→ **WORK INSTRUCTIONS**:
Nothing in the listing should be altered when it is copied, and no picture goes into the copy.

→ **DATA PROVIDED**:
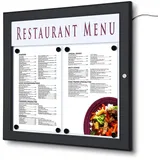 Showdown Displays Showdown Speisekartenhalter Led Outdoor - 2x Din A4 quer - Aluminium / Stahl - Schwarz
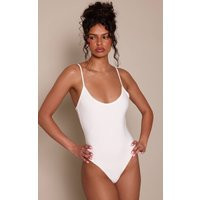 White Polyamide Strappy Bodysuit | PrettyLittleThing UK
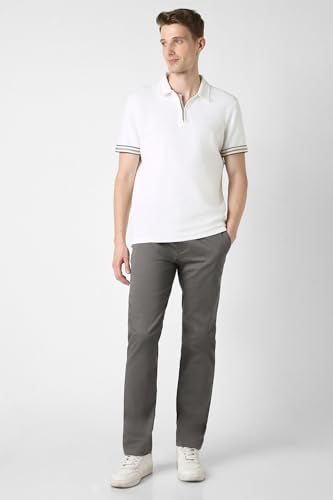 Men Grey Textured Super Slim Fit Casual Trousers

→ **SOLUTION TO THIS TASK**:
 Showdown Displays Showdown Speisekartenhalter Led Outdoor - 2x Din A4 quer - Aluminium / Stahl - Schwarz
 White Polyamide Strappy Bodysuit | PrettyLittleThing UK
 Men Grey Textured Super Slim Fit Casual Trousers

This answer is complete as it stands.